Nachdem rechte Mehrheit dem Dumping-Konzern den roten Teppich ausgerollt hat
Referendum gegen Pro-Uber-Reglement in St. Gallen läuft

Zum von SVP, FDP, GLP und Mitte durchgedrückten Pro-Uber-Taxireglement in der Stadt St. Gallen wird wohl das Volk das letzte Wort haben. 

IM GEGENWIND: Der Ausbeuter-Konzern Uber löst weltweit Proteste aus, wie hier in Barcelona. Nun steht in St. Gallen der Kampf an. (Foto: Keystone)

Der US-Konzern Uber missachtet weltweit systematisch Gesetze. Sein Geschäftsmodell basiert auf der Ausbeutung der Chauffeurinnen und Chauffeure. Auch in der Schweiz. Dort, wo die bestehenden Gesetze und die Urteile des höchsten Schweizer Gerichts von den Behörden ernsthaft durchgesetzt werden, hält sich Uber tendenziell zurück. So auch bisher in der Stadt St. Gallen. 

Korrekte Firmen verlieren

Doch vergangenen Monat haben die rechten Parteien von SVP bis GLP dem US-Konzern den roten Teppich ausgerollt, statt eine rote Linie gegen Schwarzarbeit und prekäre Arbeitsbedingungen zu ziehen (work berichtete).
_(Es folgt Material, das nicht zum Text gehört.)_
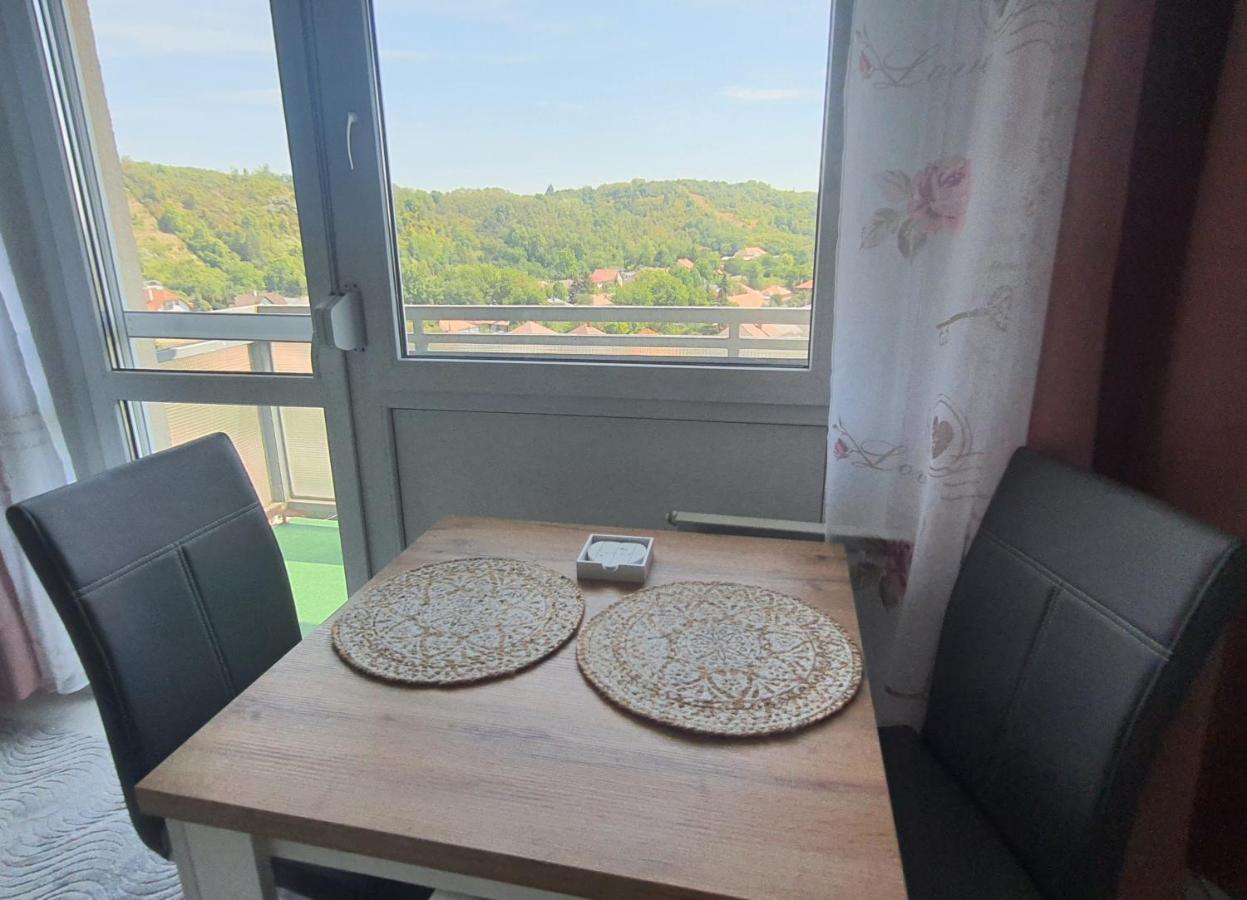 Hegyalja Apartman Miskolc Esterno foto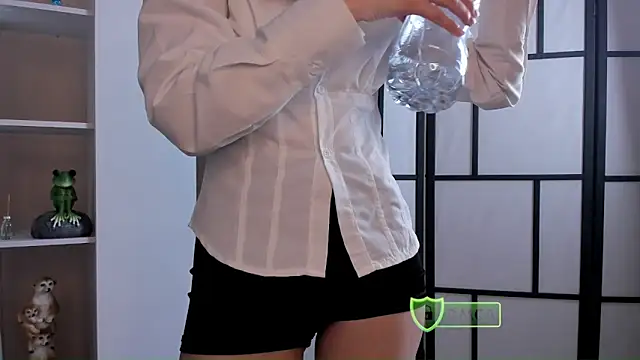 NoreenAtlee online show from December 23, 2024, 1:03 pm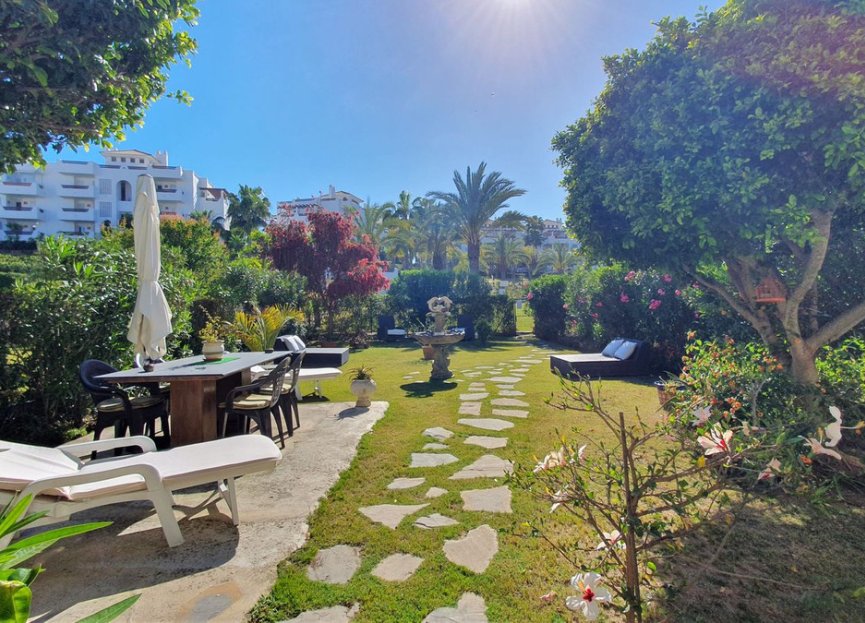 Resale - House - Semi-Detached House - Estepona - Selwo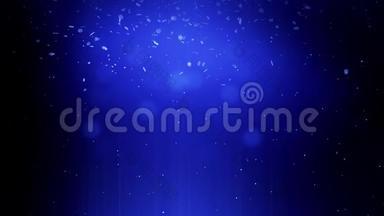 装饰的3d<strong>雪花</strong>在蓝色背景上的夜晚<strong>漂浮</strong>在空中。 用作圣诞动画、新年贺卡或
Bemerkenswert: Ausgerechnet eine Vertreterin der fortschrittlichen Parteien im St. Galler Stadtparlament erinnerte in der Debatte an die Folgen des Uber-freundlichen neuen Taxireglements für das einheimische Taxigewerbe. Es war Juso-Parlamentarierin Miriam Rizvi, die sagte: 

Plattformunternehmen wie Uber beuten ihre Arbeitskräfte ohne jegliche Absicherung aus und drücken gleichzeitig die Löhne einer gesamten Branche in den Keller.

Miriam Rizvi, Juso. (Foto: zvg)

FDP & Co. schaden dem Gewerbe

Den selbsternannten Hüterinnen und Hütern des Gewerbes war das egal. GLP-Parlamentarier Yves Betschart meinte:

Den Aufschrei um Uber verstehen wir nicht.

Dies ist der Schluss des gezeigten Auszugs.